_Your task_: With pictures omitted, the line containing "周辺：駅 1520m JR「幕張本郷」駅" and all later lines of the records below are to be restated word for word.

_Data provided_:
* * * * * * *
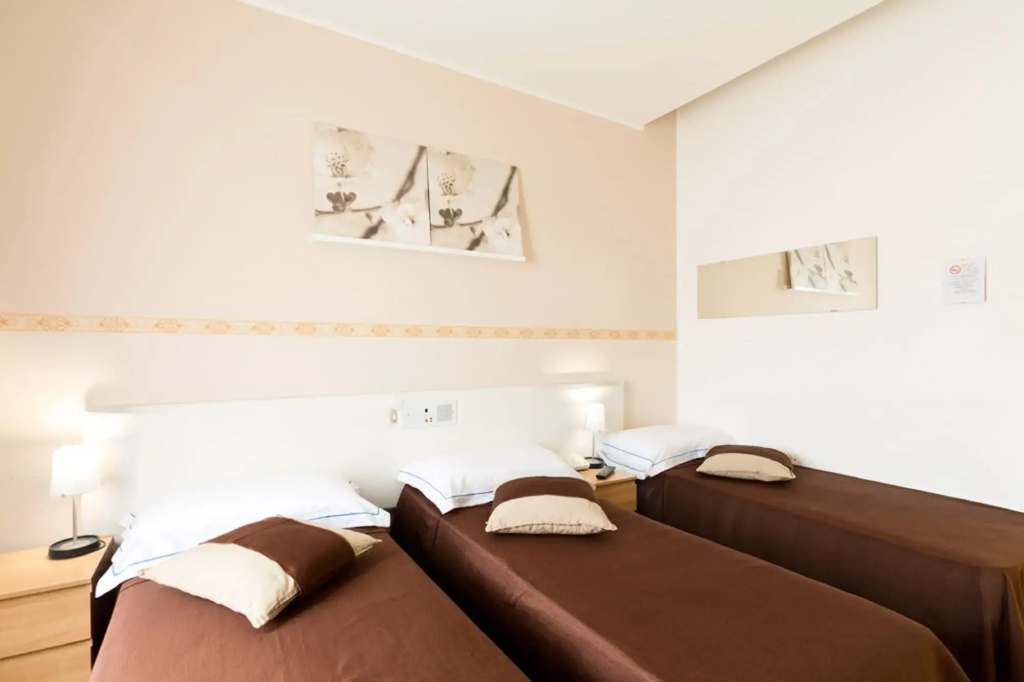 Hotel Indipendenza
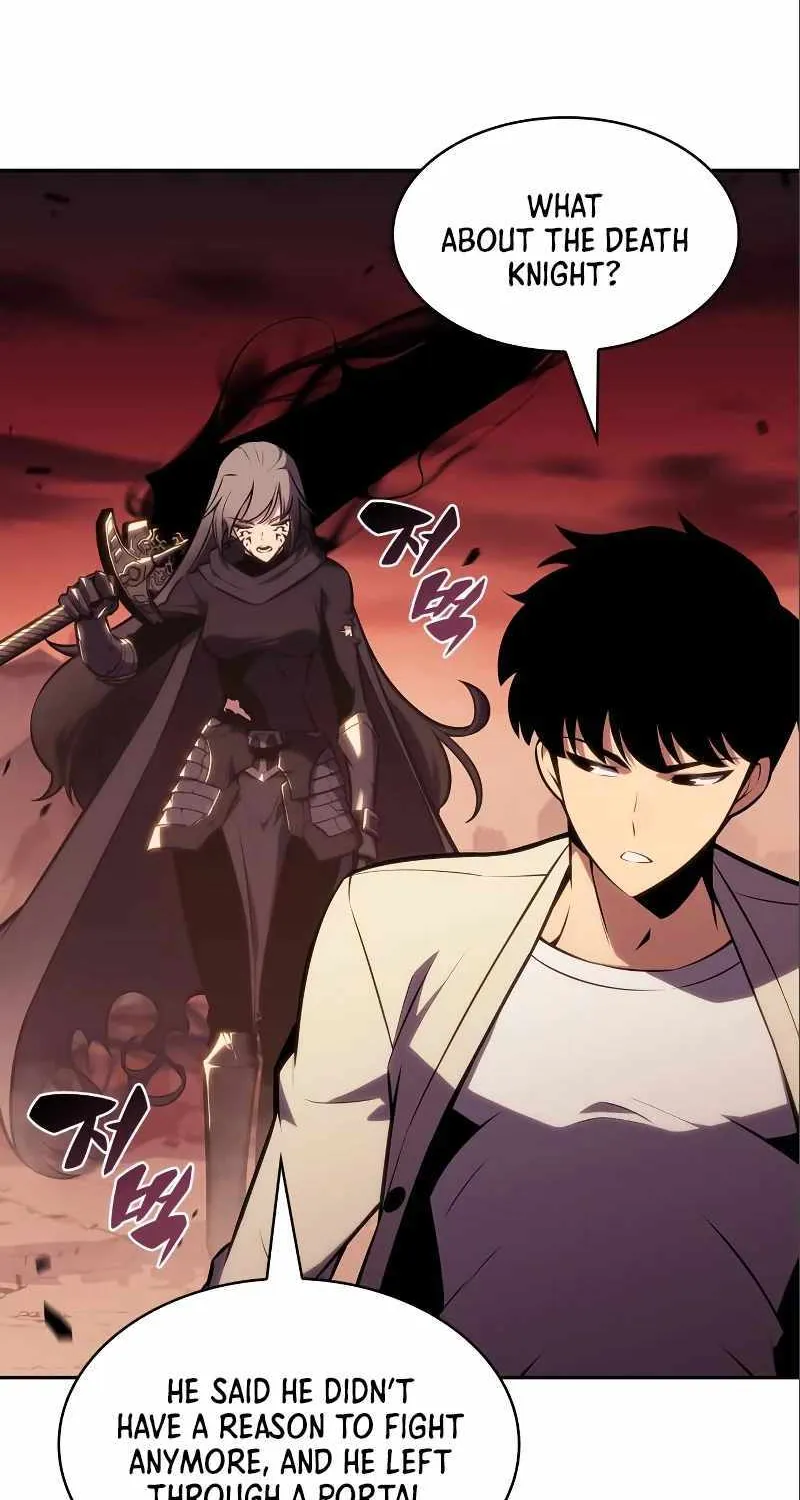 Read Solo Max-Level Newbie chapter 126 image 104 on Lezhin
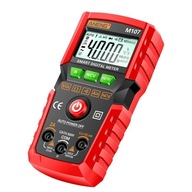 Aneng M107 - univerzálny digitálny multimeter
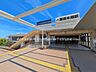 周辺：駅 1520m JR「幕張本郷」駅
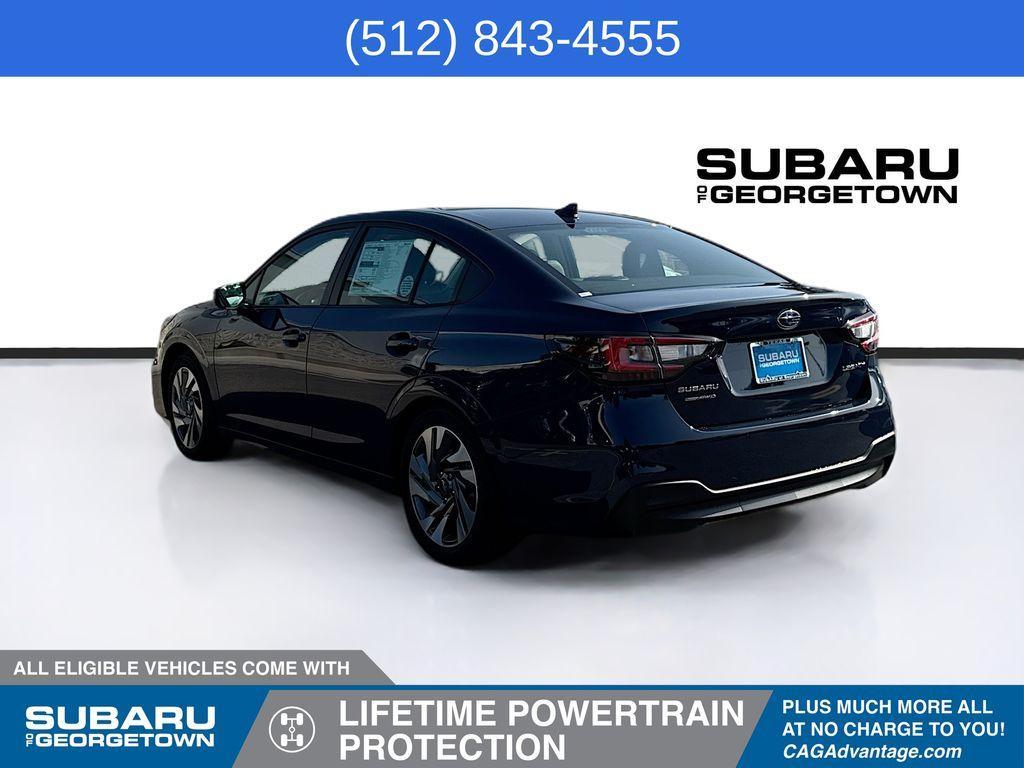 new 2025 Subaru Legacy car, priced at $37,382
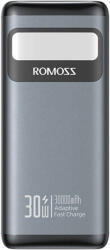 ROMOSS Powerbank PMT30 Romoss 30000mAh 30W (black) (PMT30-192-2133H) - multimediabolt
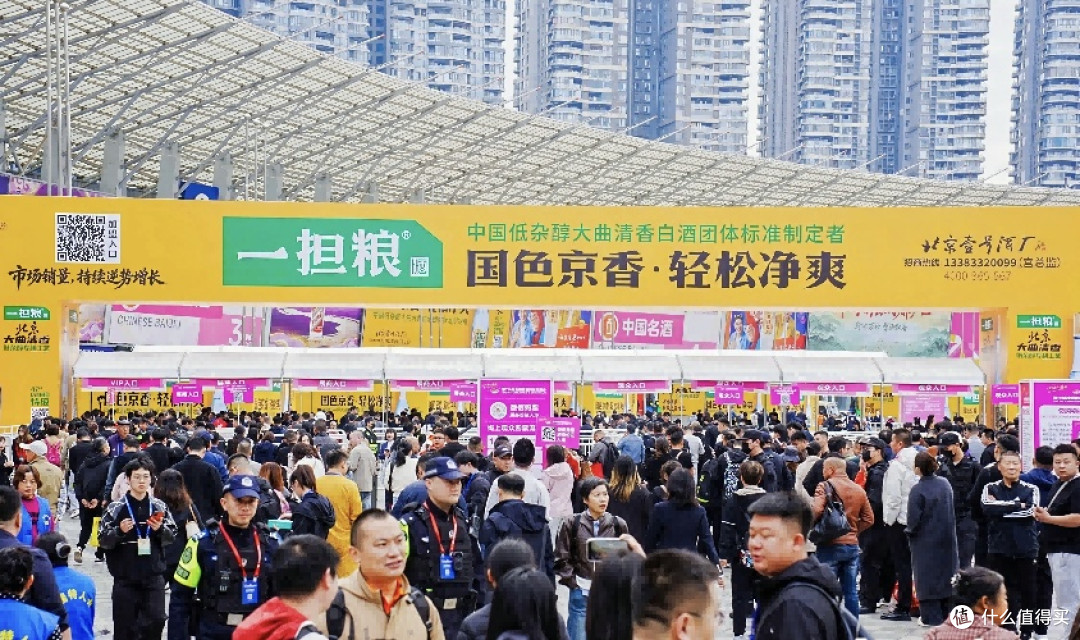 一担粮:承府酿非遗,创北京清香新标杆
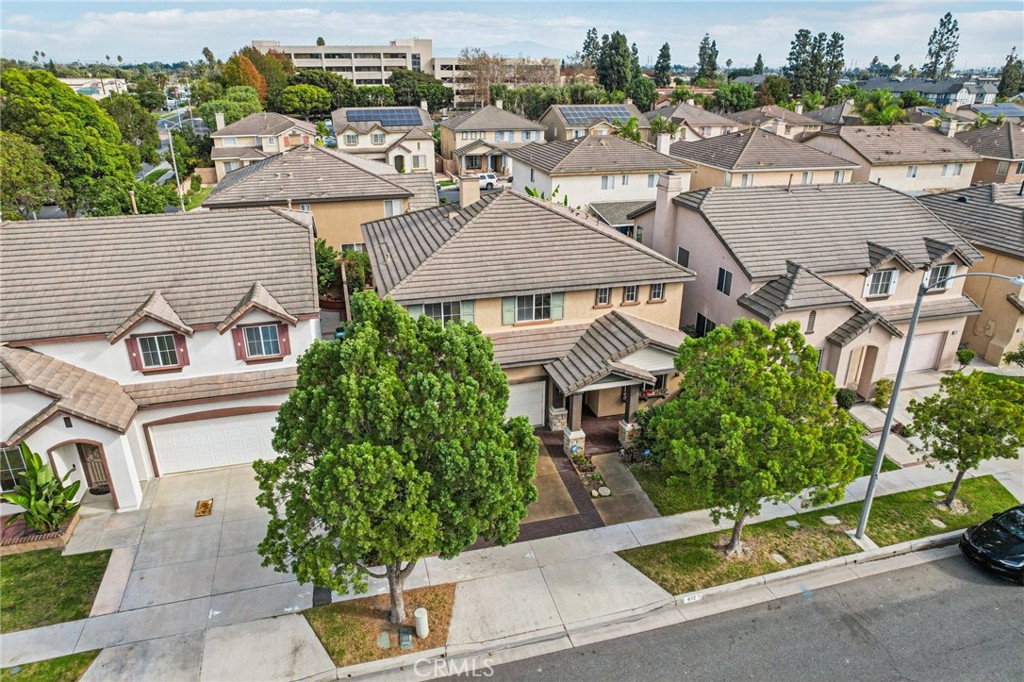 Camrosa (CMRO) - Residential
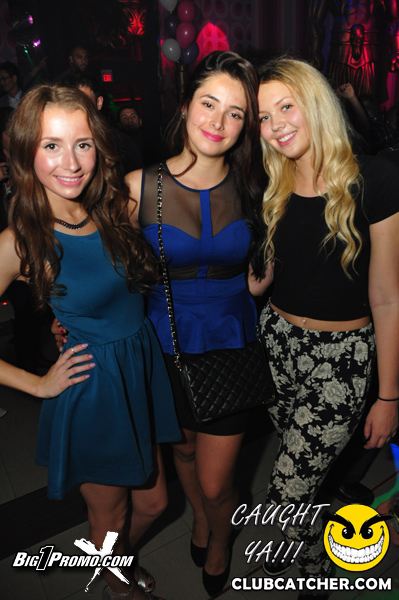 Luxy nightclub photo 44 - October 19th, 2013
* * * * * * *
_Task solution_:
 周辺：駅 1520m JR「幕張本郷」駅
 new 2025 Subaru Legacy car, priced at $37,382
 ROMOSS Powerbank PMT30 Romoss 30000mAh 30W (black) (PMT30-192-2133H) - multimediabolt
 一担粮:承府酿非遗,创北京清香新标杆
 Camrosa (CMRO) - Residential
 Luxy nightclub photo 44 - October 19th, 2013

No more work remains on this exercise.